LONDON – On a nondescript street near Paddington Station in London, something was leaking.
Information. Sensitive, classified military information.
It originated from the attic space of an inconspicuous brick building, where clicking computer keys provided the soundtrack to a scene of leather chairs, framed black and white photographs and a haphazardly placed wine glass.
I had stumbled, thanks to my internship, into what appeared to be the locus of a crack intelligence operation. But the setting of a supermarket mystery novel this was not. It was a room belonging to the Frontline Club, London's choice locale for posh newsperson schmoozing.
At that moment it was also the location of Julian Assange, the notoriously elusive mastermind behind WikiLeaks, a website that has, in the past few months, altered the landscapes of the media and intelligence universes.
On July 26, the Club's attic was the stage for a media event at which Assange answered questions regarding his site's latest triumph in transparency: The release of some 91,000 Afghanistan war logs classified by the Pentagon.
Now, just one day later, Assange paced the floor of the quiet, empty space as he delivered a phone interview to a radio station. Sporting neutral, unremarkable clothing and his trademark white hair, he didn't seem particularly comparable to a director of the CIA, FBI or NSA – yet that is precisely the type of figure Assange has become, with greater recognition and more allure.
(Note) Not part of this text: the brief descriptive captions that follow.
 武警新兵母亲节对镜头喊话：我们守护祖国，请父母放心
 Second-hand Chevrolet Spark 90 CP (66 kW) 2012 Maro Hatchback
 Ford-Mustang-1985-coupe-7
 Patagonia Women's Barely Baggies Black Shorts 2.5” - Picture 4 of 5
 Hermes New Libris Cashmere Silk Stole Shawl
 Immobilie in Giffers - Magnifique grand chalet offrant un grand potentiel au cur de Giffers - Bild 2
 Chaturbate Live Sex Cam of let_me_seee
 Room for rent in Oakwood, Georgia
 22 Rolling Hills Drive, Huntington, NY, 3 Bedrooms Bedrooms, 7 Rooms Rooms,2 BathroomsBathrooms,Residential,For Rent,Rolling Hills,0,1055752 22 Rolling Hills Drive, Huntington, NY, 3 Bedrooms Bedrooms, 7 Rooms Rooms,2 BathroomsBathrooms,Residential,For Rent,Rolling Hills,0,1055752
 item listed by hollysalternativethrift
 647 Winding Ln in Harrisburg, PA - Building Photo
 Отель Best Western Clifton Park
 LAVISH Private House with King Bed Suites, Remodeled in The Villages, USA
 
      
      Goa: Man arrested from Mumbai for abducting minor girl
WikiLeaks could be the largest and most sophisticated intelligence organization ever run for and by the public, and it is redefining the manner in which governments, corporations and news outlets conduct business.
In its relentless pursuit of transparency, WikiLeaks could be journalism's last best hope. But does the website go too far, risking national security in the wake of the document leak?
In the three years since its inception, WikiLeaks' bare-bones website has published documents ranging from Guantanamo Bay operating procedures to Sarah Palin's personal e-mails. Its operations are steeped in paranoia: The site is hosted on servers across multiple countries and is heavily encrypted. Its document submission model is so secure and successful that it is already being eyed by news organizations hungry for more information from sources.
Interestingly, the site has exploded just as the business of top secret intelligence in the United States has been expanding astronomically. According to the Washington Post, some 854,000 Americans currently possess top secret security clearance, a number that has grown dramatically since 9/11.
There is more classified information available to leak than ever before and more people to encourage the seepage. The whole world, it seems, is aching to play spy games and it's easier than ever before.
In the age of WikiLeaks, everyone is a spy of sorts. But could the line between intelligence gathering and newsgathering also be blurring beyond recognition?
The people behind WikiLeaks have insisted repeatedly that they are simply a source for leaks, not a member of the press. In The New Yorker, Assange's colleague Rop Gonggrijp was quoted as saying, "The source is no longer dependent on finding a journalist who may or may not do something good with his document."
At what point does an entity work so closely with the press that it becomes its own media outlet?
Throughout its existence, Wikileaks has increasingly employed and manipulated press exposure to achieve its goals. Most recently, the organization granted three newspapers (The New York Times, The Guardian and Der Spiegel) advanced access to the Afghanistan war logs. When they released the controversial video in April of American soldiers firing on Afghan civilians, WikiLeaks and Assange chose to unveil the video on a slow news day, the day after Easter Sunday, for maximum impact.
WikiLeaks looks like a news outlet and often acts like one, but comes with no guarantee of responsible news judgment and reporting. Open documents are what fuel excellent journalism and vitalize our democracy, but reporting on classified information must always be performed with the safety of our troops in mind.
At first, it seemed the website had acted with due caution in releasing secret documents; President Barack Obama implied as much in a statement last week.
"While I'm concerned about the disclosure of sensitive information from the battlefield that could potentially jeopardize individuals or operations," President Obama said, "the fact is, these documents don't reveal any issues that haven't already informed our public debate on Afghanistan."
Now, though, it appears the site could present more of a risk to soldiers and civilians on the ground than previously thought. The Taliban announced that it is searching the war logs and plans to "hunt down" informants named in the documents.
Indeed, the website may have crossed a terrifyingly thin line. War is a fragile beast, and the slightest misstep can draw blood.
In its great power, WikiLeaks holds to responsibility to practice responsible journalism, whether it considers itself "press" or not. In leaking documents, we must know when to plug the hole.
Rebecca Berg is interning at CBS News and studying in London this summer through a Missouri School of Journalism study abroad program. She will return to the Missourian as an assistant city editor in the fall.